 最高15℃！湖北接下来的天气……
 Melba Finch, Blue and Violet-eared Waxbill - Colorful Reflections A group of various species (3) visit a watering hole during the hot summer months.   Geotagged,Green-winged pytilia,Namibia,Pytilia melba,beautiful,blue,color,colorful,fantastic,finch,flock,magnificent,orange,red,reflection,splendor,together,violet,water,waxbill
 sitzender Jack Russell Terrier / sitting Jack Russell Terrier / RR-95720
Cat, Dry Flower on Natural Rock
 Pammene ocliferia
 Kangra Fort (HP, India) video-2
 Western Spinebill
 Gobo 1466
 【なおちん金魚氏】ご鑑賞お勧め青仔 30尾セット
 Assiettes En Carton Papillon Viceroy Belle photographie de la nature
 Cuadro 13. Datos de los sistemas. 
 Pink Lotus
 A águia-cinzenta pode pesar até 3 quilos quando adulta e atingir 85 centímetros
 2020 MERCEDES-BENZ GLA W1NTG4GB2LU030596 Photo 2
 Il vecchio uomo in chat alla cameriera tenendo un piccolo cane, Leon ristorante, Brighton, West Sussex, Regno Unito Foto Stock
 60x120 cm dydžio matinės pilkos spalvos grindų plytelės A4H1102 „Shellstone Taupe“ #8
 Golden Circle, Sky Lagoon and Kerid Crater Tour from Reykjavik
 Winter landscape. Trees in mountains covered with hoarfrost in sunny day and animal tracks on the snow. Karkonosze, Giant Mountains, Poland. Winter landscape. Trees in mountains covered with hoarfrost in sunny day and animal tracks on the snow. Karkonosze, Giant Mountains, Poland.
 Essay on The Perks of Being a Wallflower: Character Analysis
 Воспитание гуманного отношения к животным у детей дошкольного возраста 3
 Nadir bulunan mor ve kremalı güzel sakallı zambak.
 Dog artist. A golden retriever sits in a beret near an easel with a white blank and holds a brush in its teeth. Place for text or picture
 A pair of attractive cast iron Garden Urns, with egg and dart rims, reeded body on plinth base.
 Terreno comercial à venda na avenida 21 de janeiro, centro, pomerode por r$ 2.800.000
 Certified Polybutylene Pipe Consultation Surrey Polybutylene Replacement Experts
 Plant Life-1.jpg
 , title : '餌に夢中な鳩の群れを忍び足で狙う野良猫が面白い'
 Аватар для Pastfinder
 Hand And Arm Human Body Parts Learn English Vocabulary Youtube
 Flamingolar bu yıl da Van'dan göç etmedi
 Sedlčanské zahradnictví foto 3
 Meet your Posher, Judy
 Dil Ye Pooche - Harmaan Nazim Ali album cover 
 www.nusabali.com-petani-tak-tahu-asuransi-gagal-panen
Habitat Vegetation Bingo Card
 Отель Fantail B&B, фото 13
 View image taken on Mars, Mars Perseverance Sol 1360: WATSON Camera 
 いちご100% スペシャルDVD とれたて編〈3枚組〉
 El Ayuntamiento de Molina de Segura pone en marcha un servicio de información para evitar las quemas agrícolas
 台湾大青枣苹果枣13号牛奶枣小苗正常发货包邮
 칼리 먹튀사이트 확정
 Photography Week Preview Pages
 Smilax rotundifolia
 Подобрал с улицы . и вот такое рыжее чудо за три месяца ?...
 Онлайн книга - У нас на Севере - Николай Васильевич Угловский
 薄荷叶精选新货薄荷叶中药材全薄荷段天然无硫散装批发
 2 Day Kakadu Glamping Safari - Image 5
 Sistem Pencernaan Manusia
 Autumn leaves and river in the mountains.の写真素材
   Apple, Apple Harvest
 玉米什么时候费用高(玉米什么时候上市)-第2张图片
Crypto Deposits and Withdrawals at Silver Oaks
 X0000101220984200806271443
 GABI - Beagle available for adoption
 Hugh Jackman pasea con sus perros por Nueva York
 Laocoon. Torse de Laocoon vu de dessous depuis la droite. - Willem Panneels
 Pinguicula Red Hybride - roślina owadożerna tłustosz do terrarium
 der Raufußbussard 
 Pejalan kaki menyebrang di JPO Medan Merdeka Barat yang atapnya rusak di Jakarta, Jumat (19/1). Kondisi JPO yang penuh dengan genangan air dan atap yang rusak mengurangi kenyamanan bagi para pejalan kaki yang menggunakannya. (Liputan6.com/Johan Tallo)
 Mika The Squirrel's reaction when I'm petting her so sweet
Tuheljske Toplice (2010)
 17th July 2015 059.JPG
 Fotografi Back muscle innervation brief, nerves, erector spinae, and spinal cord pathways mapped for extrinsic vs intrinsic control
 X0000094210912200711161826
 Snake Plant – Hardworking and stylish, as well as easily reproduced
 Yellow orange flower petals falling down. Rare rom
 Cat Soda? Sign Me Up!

# # # # # # #

#### TASK PROMPT:
Your task for the entries above: copy exactly the span starting with the line with "der Raufußbussard" and going on through the line with "Pejalan kaki menyebrang", both lines included, and nothing else.

#### RESULT OF THE EXERCISE:
 der Raufußbussard 
 Pejalan kaki menyebrang di JPO Medan Merdeka Barat yang atapnya rusak di Jakarta, Jumat (19/1). Kondisi JPO yang penuh dengan genangan air dan atap yang rusak mengurangi kenyamanan bagi para pejalan kaki yang menggunakannya. (Liputan6.com/Johan Tallo)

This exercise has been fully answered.